"Can you give me clean ones?"
Where is the "can" in the Hungarian sentence here? (ie: using "tud" as an auxillary verb? with the infinitive of "adni"?)
"Nekem tudsz tisztákat adni?" is not right?
(Is this a case where normally in Hungarian you would leave the "to me" as implied, rather than stating "nekem"?)
The most likely way to interpret the Hungarian sentence is that you're making a request of somebody: either "Will you give me some clean ones?" or "Can you give me some clean ones?" are good English translations of it. "Will" would probably be better, I guess. The indirect object "me" is implied.
Going back from English to Hungarian, you kind of have to realize that "Can" in the English here is just being colloquially polite; the speaker probably isn't really asking whether the other person knows how to give him some clean things. So tud would be out of place in the Hungarian sentence.

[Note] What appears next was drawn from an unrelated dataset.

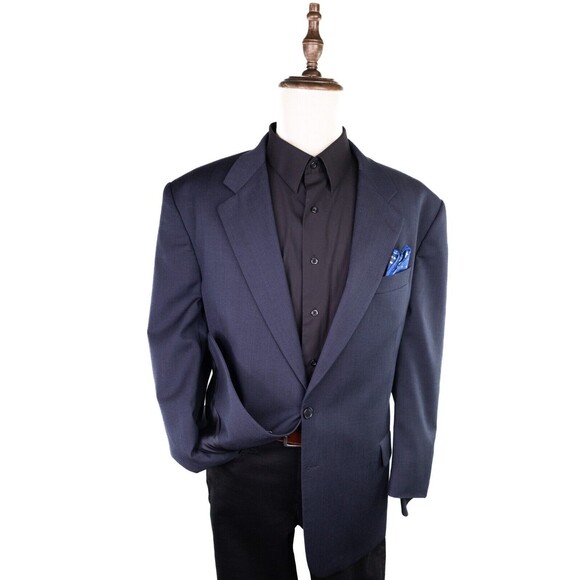 Paul Dione Wool Sport Coat Blazer Jacket 44r Solid Blue two Button Vent-Less - Picture 2 of 14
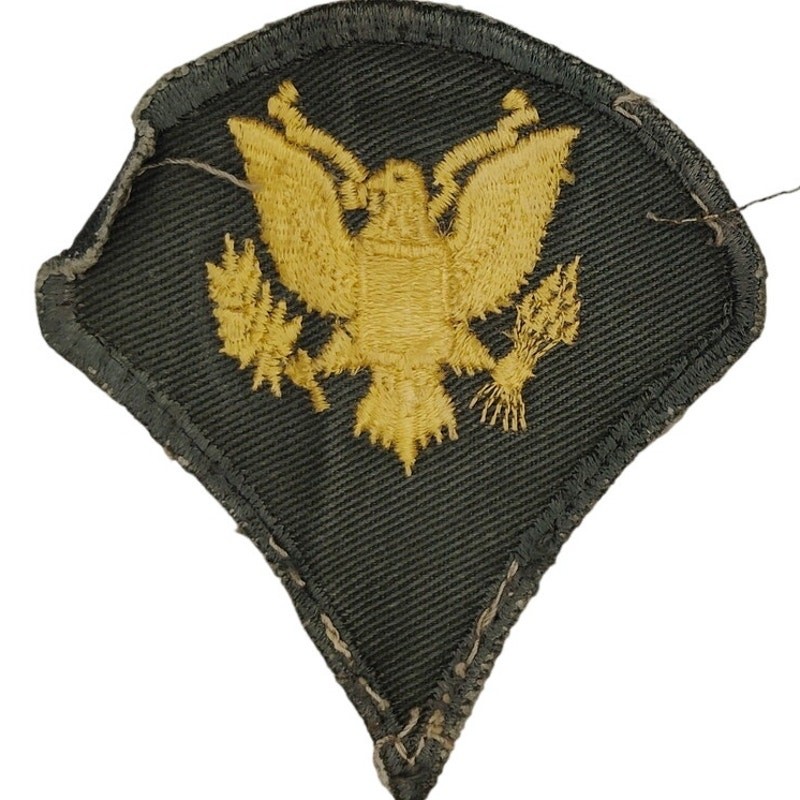 Vintage 50-70's Era US Army Specialist Rank Patch 3" × 2‑3/4" Vintage Sew‑On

I can't think of any way to ask this question in English without using some kind of auxilliary verb that wouldn't have an equivalent in Hungarian.
Yes, I think the closest interpretation is "Will you...". And since the speaker is I, the "to me" part can be omitted. Unless the clean ones should be given to someone else. And the sense of future is carried by the simple present. So, just imagine "Will you give (me) some clean ones?" with "Will you" omitted. Maybe it is not natural to omit here but I have heard people say in everyday speech things like "Have a minute?", "Care for a drink?", "Feel like a walk?". The only difference is that the Hungarian version is normal, it is not really omitting anything that "should be there". It is a very common way of making a simple request, or asking someone to come along. "Eljössz moziba?" - Will you come to the movies with me?